Russia said on Friday it had made dollar payments on its US-denominated debt as the country faces Western sanctions for its offensive in Ukraine, raising fears of a default.
The finance ministry said in a statement that it had made payments totaling $650 million on two bonds due in 2022 and 2042 “in the currency of issue of the eurobonds: the US dollar.”
In early April, Moscow had tried to settle a dollar debt in rubles, as the US Treasury Department no longer allows repayment of its debt with dollars held in US banks.

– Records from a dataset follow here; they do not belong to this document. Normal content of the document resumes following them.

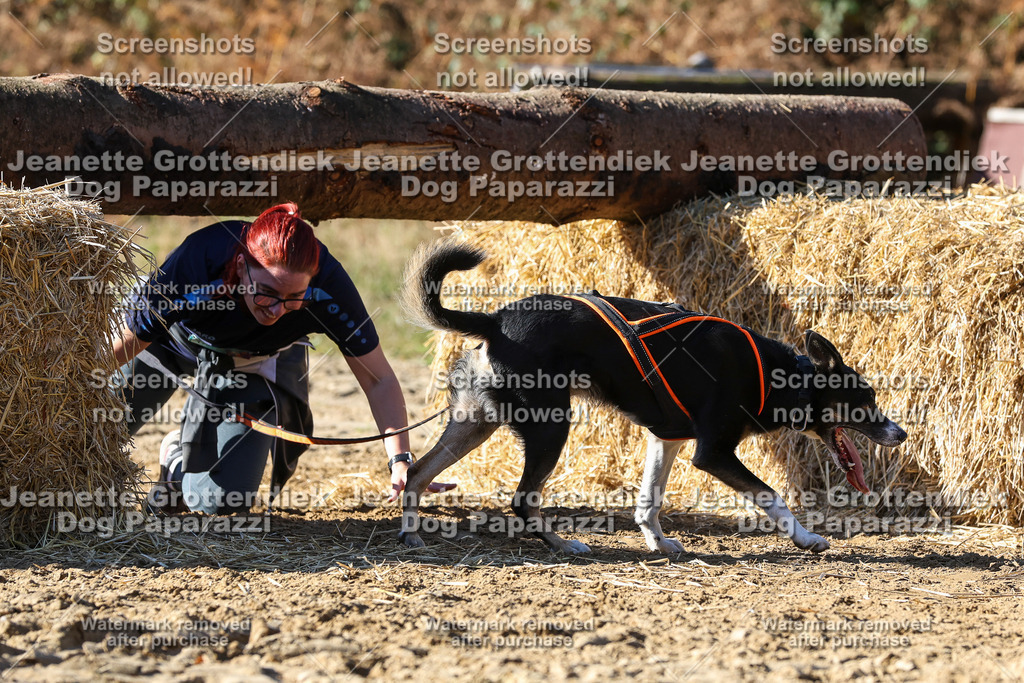 Dog Paparazzi - Strongdog 10-25-2874 | Dog Paparazzi Jeanette Grottendiek Fotografie & Videografie - Realisiert mit Pictrs.com
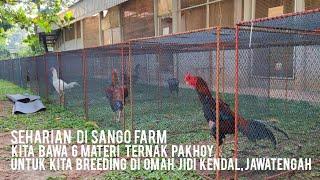 6  MATERI TERNAK PAKHOY SANGO FARM, AKAN KITA BREEDING DI OMAH JIDI, KENDAL, JAWA TENGAH #omahjidi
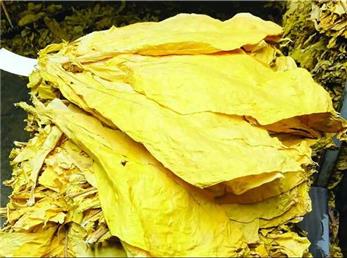 تشویق کشاورزان به تمرکز بر کیفیت محصولات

As a result, the financial rating agency S&P Global Ratings lowered Russia’s rating for its foreign currency payments to the “selective default” level. The rating for foreign currency payments was downgraded to “SD” (last notch before “D” for default), while the rating remained at “CC” for ruble payments.
For its part, S&P indicated that it was failing to rate Russia, as well as agencies Fitch and Moody’s.
Russian Central Bank President Elvira Nabioullina assured the press on Friday that “we cannot talk about default”, although she acknowledged that Moscow faces “payment difficulties”.
Russia defaulted on domestic debts in rubles during the 1998 financial crisis, but has not defaulted on its foreign debt since 1918, when Bolshevik leader Vladimir Lenin refused to recognize the debt inherited from the tsarist regime overthrown in the 1917 revolution.